Current wireless sensors transmit data at a maximum rate of one
megabit per second. Because of the limited data rate, existing
wireless ultrasound sensor configurations process the data onboard
and then transmit only the feature information. Onboard processing,
however, consumes large amounts of power and is limited by the
capability of the embedded microprocessor.
[0006] Condition monitoring and damage detection using strain
gauges is also a popular and useful non-destructive inspection
technique. Strain is a physical parameter that can be used to
detect and measure material conditions such as deformation, load,
boundary, pressure, vibration, and fatigue. Like ultrasound
monitoring, strain measurement is a useful tool for monitoring
materials and structures of all sizes. Traditionally, strains are
measured using wired, thin-foil strain gauges, which offer a
reliable, versatile, practical, and inexpensive solution. For
larger machines and structures, however, distributing a large
number of sensors across a wide area is important for gathering
data about the entire structure's integrity. The burden of wiring a
set of strain gauges imposes huge installation and maintenance
costs.
[0007] Wireless strain gauges typically require a local power
source, such as a battery. Because of the high power consumption of
the wireless radio transceiver and the low energy density of
batteries, powered wireless sensors can only be operated
intermittently with a large duty cycle. Conventional thin-foil
strain gauges are not suitable for unpowered wireless sensors
because they require an excitation voltage and consume relatively
high power.
[0008] The numerous limitations of existing wireless sensors are a
serious limiting factor on the ability to install and maintain
large networks of sensors to monitor and detect the condition of
critical structures.
SUMMARY
[0009] A wireless sensor system in various embodiments includes an
unpowered sensor node and a remote signal generator. The sensor
node includes: (1) a sensor that is in physical communication with
an element under investigation in order to sense a condition of the
element, wherein the sensor generates an input signal related to
the condition; (2) a first antenna for receiving a first
interrogation signal from a signal generator located remote from
the sensor node; (3) an up-converting frequency mixer that is in
communication with the sensor and configured to combine the input
signal and the first interrogation signal and thereby generate a
modulated output signal; and (4) a second antenna for transmitting
the modulated output signal from the up-converting frequency
mixer.
BRIEF DESCRIPTION OF THE DRAWING
[0010] Having thus described various embodiments in general terms,
reference will now be made to the accompanying drawings, which are
not necessarily drawn to scale, and wherein:
[0011] FIG. 1 is a schematic illustration of a wireless sensor
node, according to various embodiments.
[0012] FIG. 2 is a schematic illustration of a wireless sensor
system that includes a sensor interrogation unit and the sensor
node of FIG. 1.
[0013] FIG. 3 is a schematic illustration of a wireless sensor node
that includes a sensor that generates a non-oscillatory signal and
an energy harvester for collecting power, according to a second
embodiment.
[0014] FIG. 4 is a schematic illustration of a wireless sensor
system that includes a sensor interrogation unit and the sensor
node of FIG. 3.
[0015] FIG. 5 is a circuit diagram of a sensing unit, according to
various embodiments.
[0016] FIG. 6 is a circuit diagram of a photocell-based energy
harvester, according to various embodiments.
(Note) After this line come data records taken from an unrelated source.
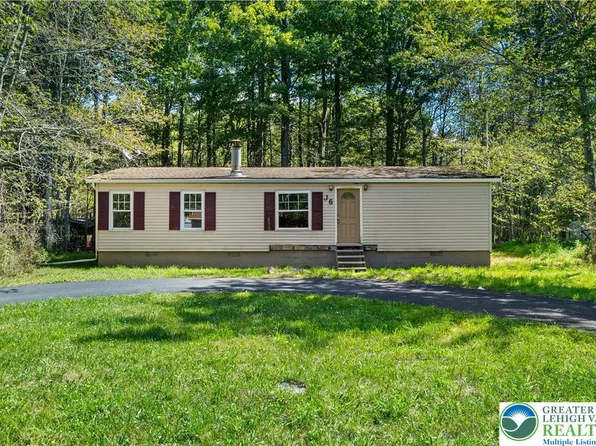 9423 Juniper Dr, Tobyhanna, PA 18466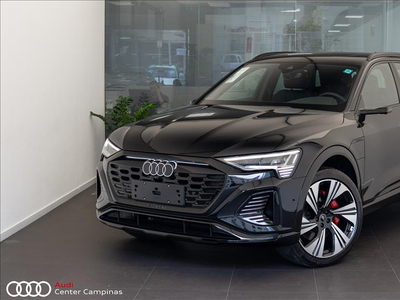 Audi Q8 E-Tron ELÉTRICO PERFORMANCE BLACK QUATTRO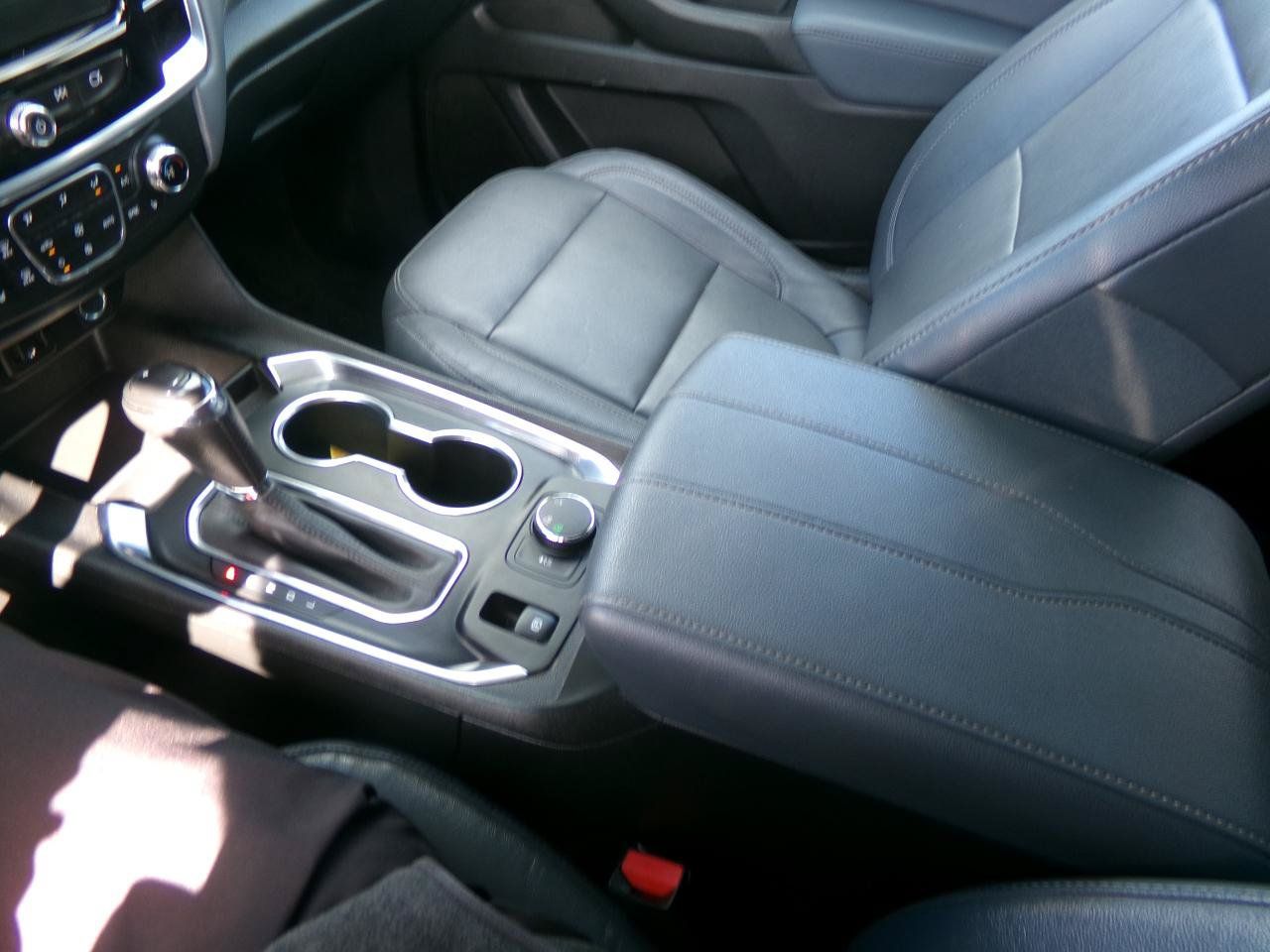Used 2020 Chevrolet Traverse LT AWD/4WD image 33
[0017] FIG. 7 is a circuit diagram of a signal demodulator that
includes a phase-locked loop circuit, according to various
embodiments.
[0018] FIG. 8 is a schematic illustration of a wireless ultrasound
generation system, according to various embodiments.
[0019] FIG. 9 is a schematic illustration of a wireless ultrasound
inspection system, according to various embodiments.
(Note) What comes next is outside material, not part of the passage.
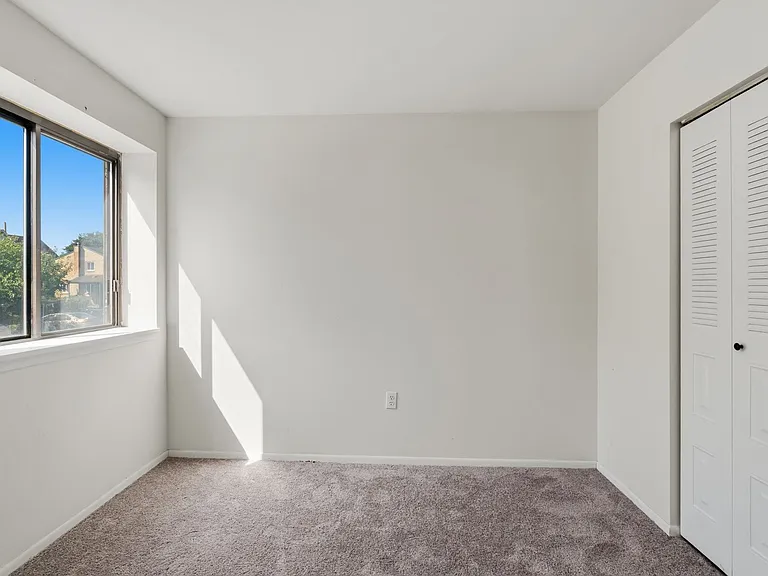 Wilson School Apartments — Photo 49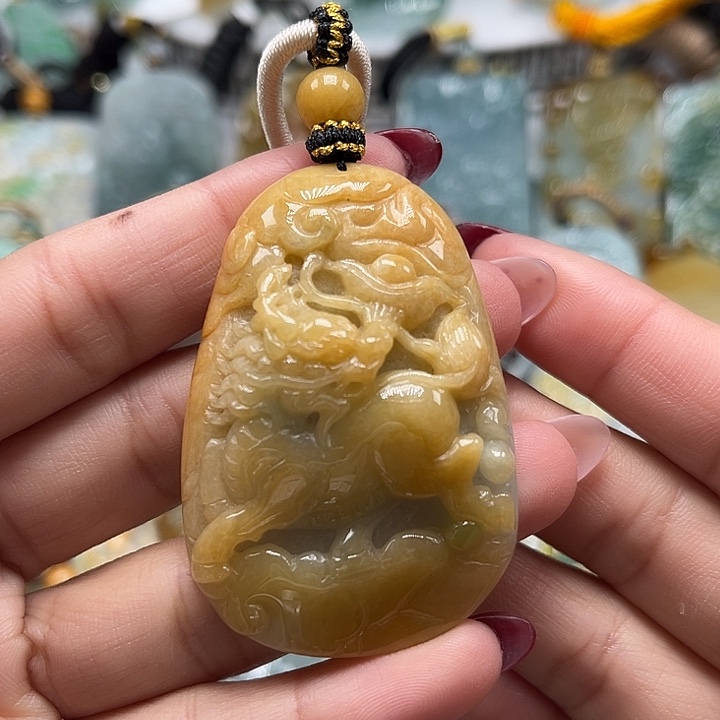 翡翠未镶嵌颈饰麒麟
[0020] FIG. 10 is a graphical representation of a multi-frequency
excitation signal.
DETAILED DESCRIPTION
[0021] The present systems and apparatuses and methods are
understood more readily by reference to the following detailed
description, examples, drawing, and claims, and their previous and
following descriptions. However, before the present devices,
systems, and/or methods are disclosed and described, it is to be
understood that this invention is not limited to the specific
devices, systems, and/or methods disclosed unless otherwise
specified, as such can, of course, vary. It is also to be
understood that the terminology used herein is for the purpose of
describing particular aspects only and is not intended to be
limiting.
[0022] The following description is provided as an enabling
teaching in its best, currently known embodiment. To this end,
those skilled in the relevant art will recognize and appreciate
that many changes can be made to the various aspects described
herein, while still obtaining the beneficial results of the
technology disclosed. It will also be apparent that some of the
desired benefits can be obtained by selecting some of the features
while not utilizing others. Accordingly, those with ordinary skill
in the art will recognize that many modifications and adaptations
are possible, and may even be desirable in certain circumstances,
and are a part of the invention described. Thus, the following
description is provided as illustrative of the principles of the
invention and not in limitation thereof.
[0023] As used throughout, the singular forms "a," "an" and "the"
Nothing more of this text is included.